- _Instructions for the task_:
Copying rule for the data below: take the line containing "Vzduchovka Gamo DELTAMAX FORCE set 4,5mm" and every line after it to the end, exactly, and drop all pictures.

(Scraped caption text data)
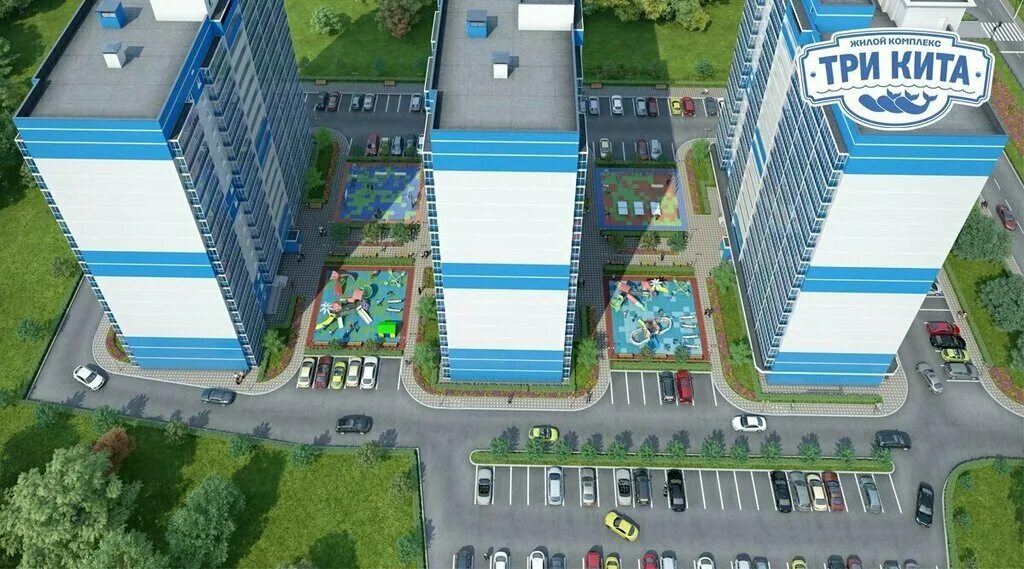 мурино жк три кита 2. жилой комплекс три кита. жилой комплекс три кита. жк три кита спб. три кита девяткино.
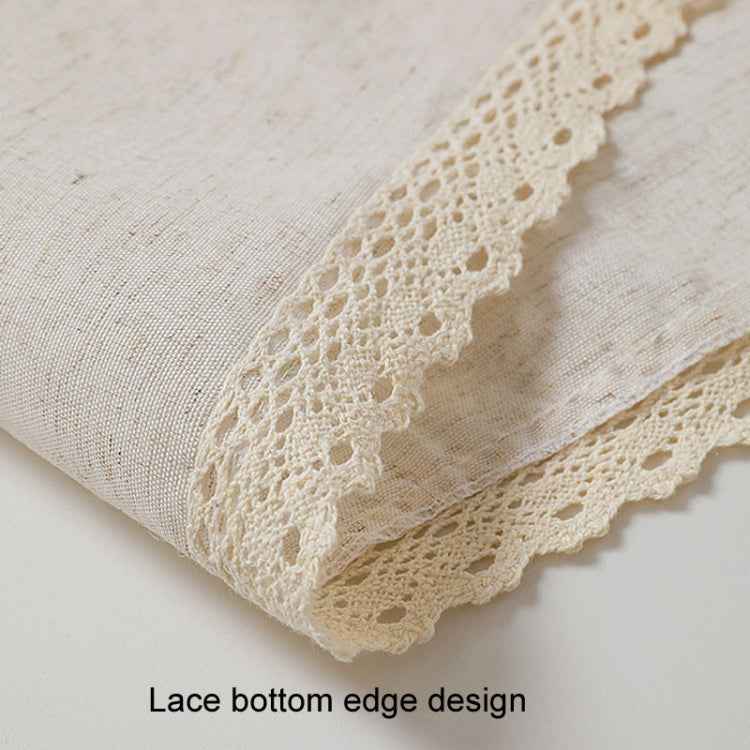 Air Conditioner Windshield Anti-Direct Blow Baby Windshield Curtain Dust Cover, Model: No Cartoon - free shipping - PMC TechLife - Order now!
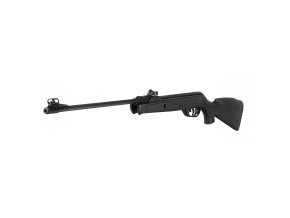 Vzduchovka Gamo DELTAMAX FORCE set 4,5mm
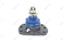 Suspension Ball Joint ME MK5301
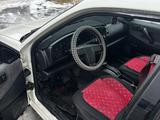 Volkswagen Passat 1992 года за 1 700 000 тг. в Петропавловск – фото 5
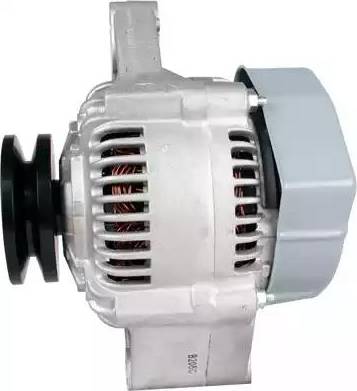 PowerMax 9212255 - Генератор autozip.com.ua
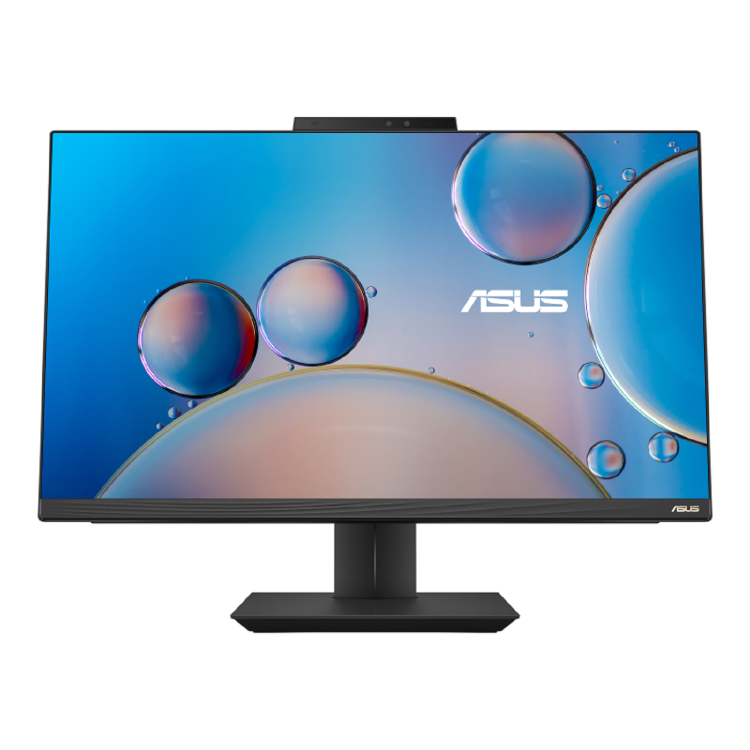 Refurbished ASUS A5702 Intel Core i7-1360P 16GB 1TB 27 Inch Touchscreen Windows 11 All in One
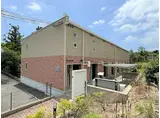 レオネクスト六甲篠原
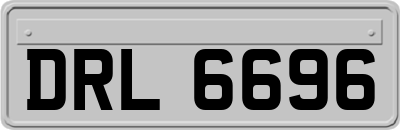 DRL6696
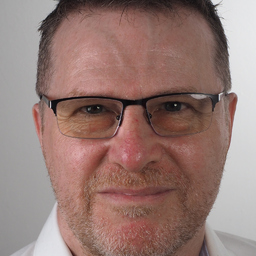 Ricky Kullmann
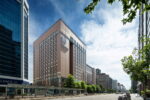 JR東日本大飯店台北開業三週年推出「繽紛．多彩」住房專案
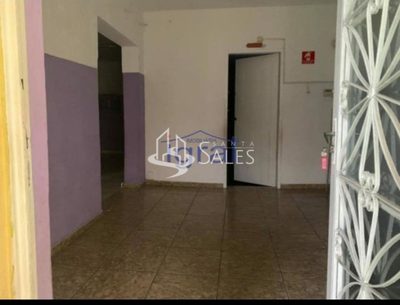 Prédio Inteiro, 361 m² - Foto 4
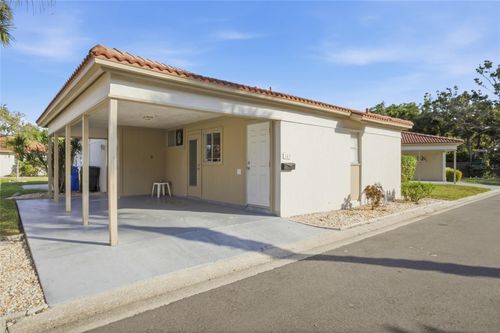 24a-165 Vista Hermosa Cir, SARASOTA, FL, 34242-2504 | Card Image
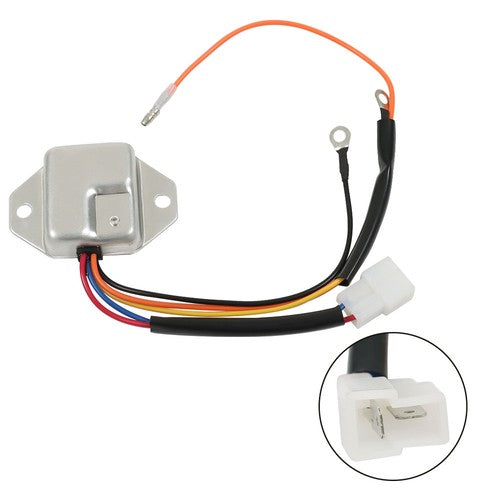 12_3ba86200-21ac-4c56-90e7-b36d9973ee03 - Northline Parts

- _Solution below_:
 Vzduchovka Gamo DELTAMAX FORCE set 4,5mm
 Suspension Ball Joint ME MK5301
 Volkswagen Passat 1992 года за 1 700 000 тг. в Петропавловск – фото 5
 PowerMax 9212255 - Генератор autozip.com.ua
 Refurbished ASUS A5702 Intel Core i7-1360P 16GB 1TB 27 Inch Touchscreen Windows 11 All in One
 レオネクスト六甲篠原
 DRL6696
 Ricky Kullmann
 JR東日本大飯店台北開業三週年推出「繽紛．多彩」住房專案
 Prédio Inteiro, 361 m² - Foto 4
 24a-165 Vista Hermosa Cir, SARASOTA, FL, 34242-2504 | Card Image
 12_3ba86200-21ac-4c56-90e7-b36d9973ee03 - Northline Parts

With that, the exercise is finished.